In the world of adoption, we have a special holiday frequently referred to as ‘Gotcha Day.’ Gotcha Day is the anniversary of the day you became a forever family to the adoptee. Some families celebrate Gotcha Day on the day the adoptee first moved into the household. Others celebrate on the day the adoption was legally recognized. Some families don’t prefer the ‘Gotcha’ terminology and celebrate this day by another name. Other families, like ours, simply don’t celebrate this day at all. Even more mind-blowing, aside from the initial adoption party, we rarely even mention their legal adoptions. While discussing our family dynamics with a friend recently, I realized I had forgotten our adoption dates. My saving grace was that I could recollect the month, at least. But even their foster placement dates are starting to fade. This may seem appalling, but I believe this nonchalant, nearly indifferent attitude stems from how we view our family. Our adopted children were a part of our hearts when we decided to enter foster care; this journey started before we ever saw their faces or knew their names. Inside we had already committed ourselves to them.

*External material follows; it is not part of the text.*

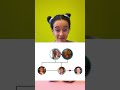 FAMIGLIA in inglese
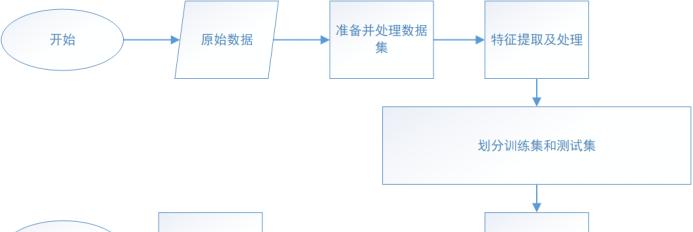 机器学习增强的电子商务平台用户行为预测  第1张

The idea of annually celebrating the moment your adoptee became a part of your family tends to be focused on showering the adoptee with love. It’s hard to argue that this is not a good thing, however, herein I will make a case against this tradition. I do feel this is entirely subjective and very much dependent on each family’s journey.
This is our journey.
I recall when our first adoption anniversary came around and I felt some social pressure – an expectation – that this is what adoptive families do. If we didn’t, we were missing an important opportunity to show our adopted children our love. Even more disconcerting, maybe we would interfere with the attachment process if we didn’t explicitly revive the memory of their adoption. Interestingly, our first adoption anniversary fell within a week of our next legal adoption. Our sibling group’s Gotcha Day was overshadowed by younger brother’s adoption ceremony and party, but the close timing neatly tied all three finalizations together. We were now all permanently part of the family forever. By the time the following year rolled around (anniversary #2), I didn’t even want to touch the topic.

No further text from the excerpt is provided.